▶ _Directions_
Keep the wording of every entry intact in your copy, and omit the pictures.

▶ _Information_
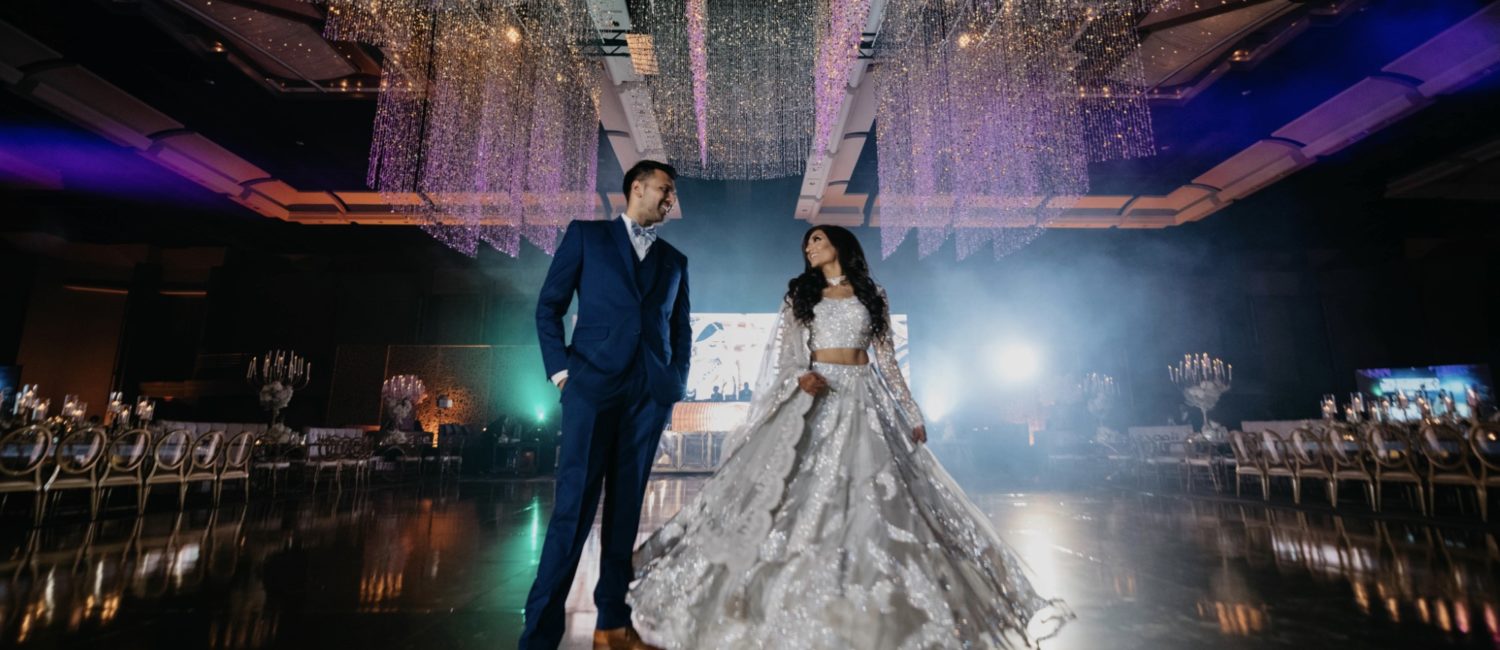 Hyatt Regency Wedding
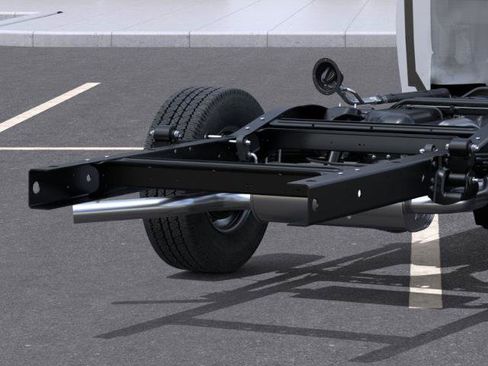 New 2026 GMC Savana 3500 image 14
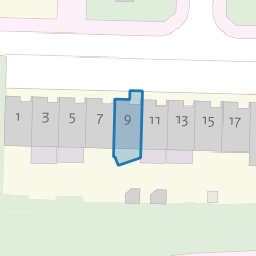 Perceel ASV00-I-4315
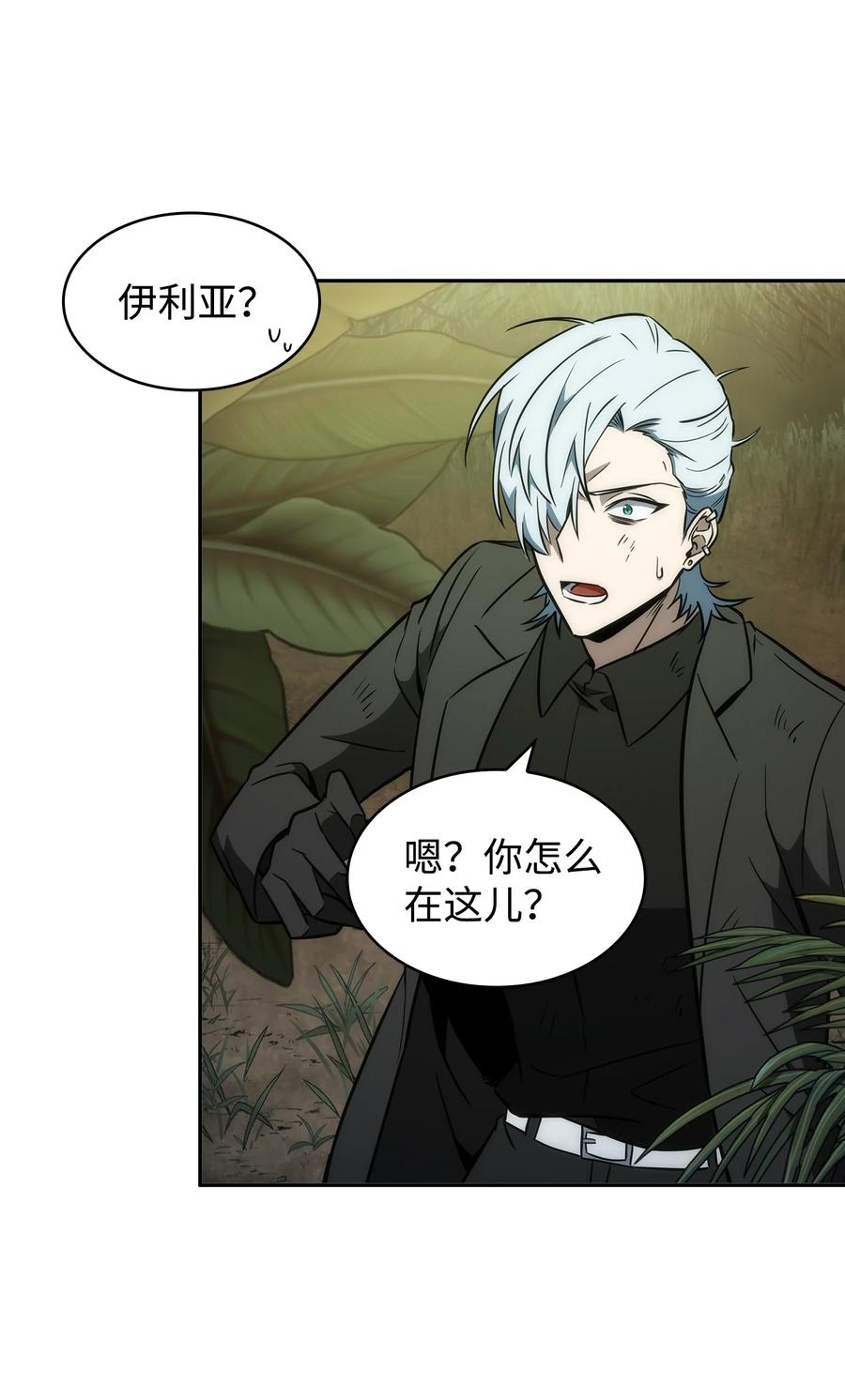 《我独自盗墓》240 前世的梦魇 第45页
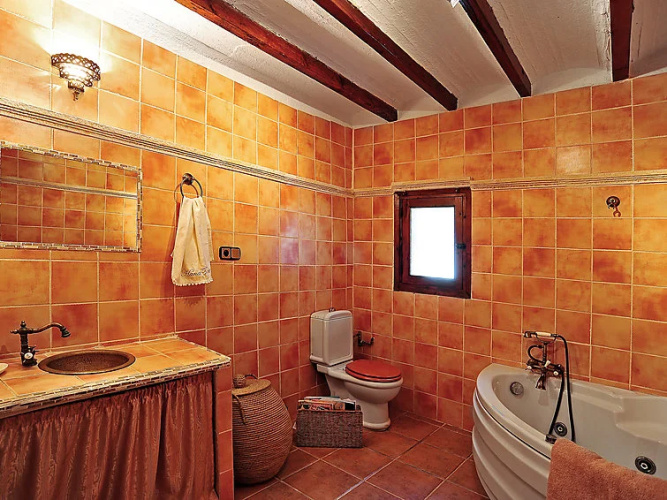 Holiday Home Fonsala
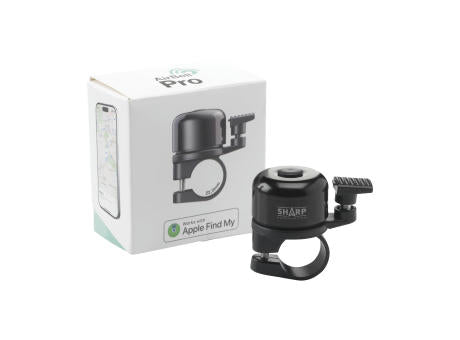 Airbell Pro Fahrradklingel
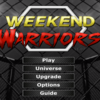 ゲーム紹介    WEEK END  WARRIORS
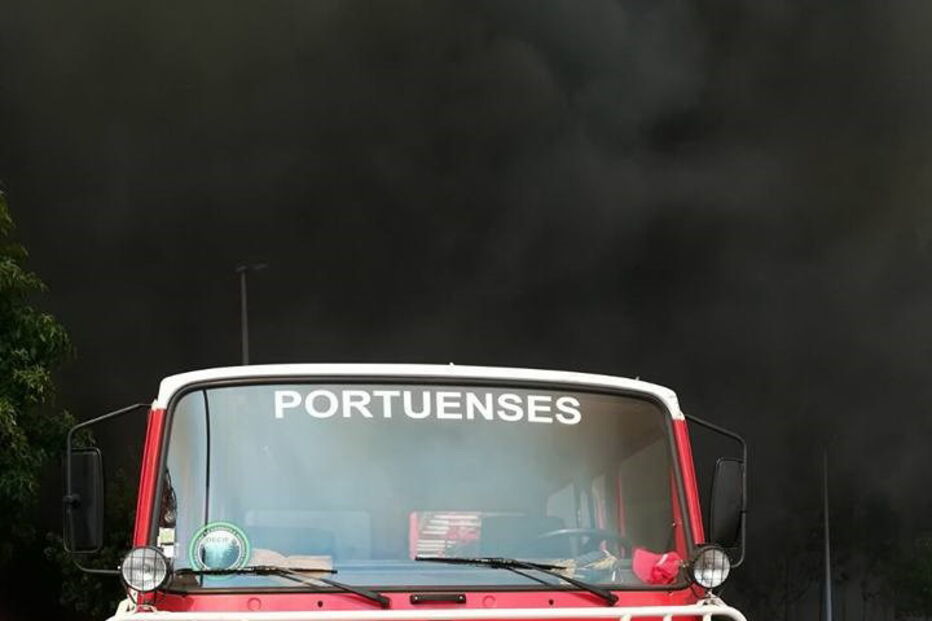 Associação Humanitária dos Voluntários Portuenses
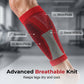 🔥 Hot sale 35% OFF🔥Gradient Calf Compression Sleeves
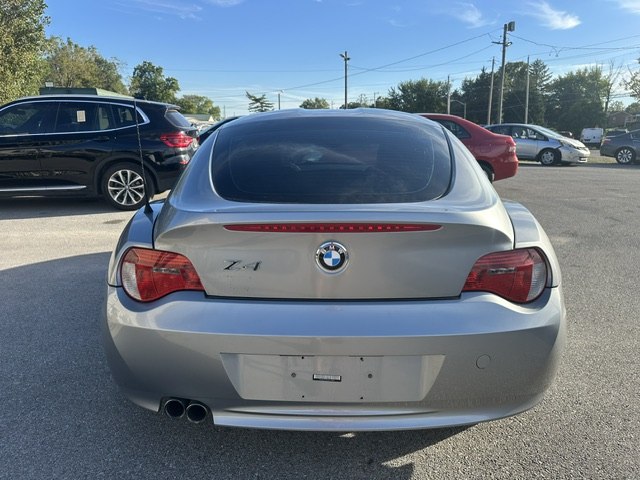 Photo 4 of this BMW Z4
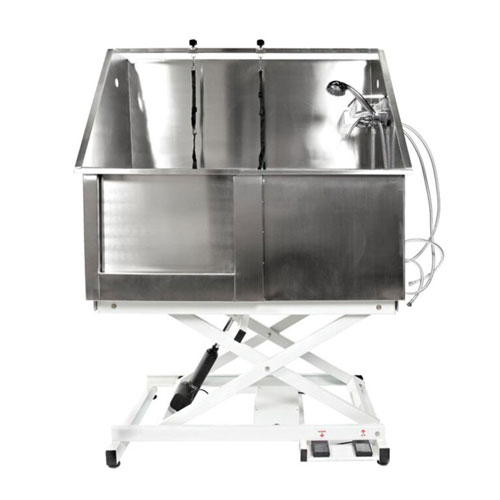 Groom Professional Ultimate Electric Bath - Exceptional Quality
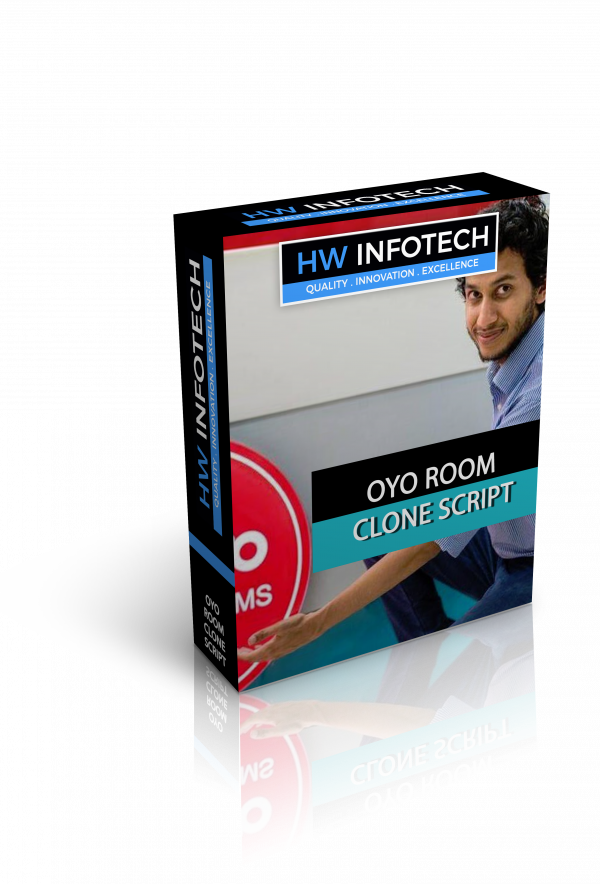 OYO Room Clone Script & Clone App | OYO Room PHP script Website |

▶ _Result for this task_
 Hyatt Regency Wedding
 New 2026 GMC Savana 3500 image 14
 Perceel ASV00-I-4315
 《我独自盗墓》240 前世的梦魇 第45页
 Holiday Home Fonsala
 Airbell Pro Fahrradklingel
 ゲーム紹介    WEEK END  WARRIORS
 Associação Humanitária dos Voluntários Portuenses
 🔥 Hot sale 35% OFF🔥Gradient Calf Compression Sleeves
 Photo 4 of this BMW Z4
 Groom Professional Ultimate Electric Bath - Exceptional Quality
 OYO Room Clone Script & Clone App | OYO Room PHP script Website |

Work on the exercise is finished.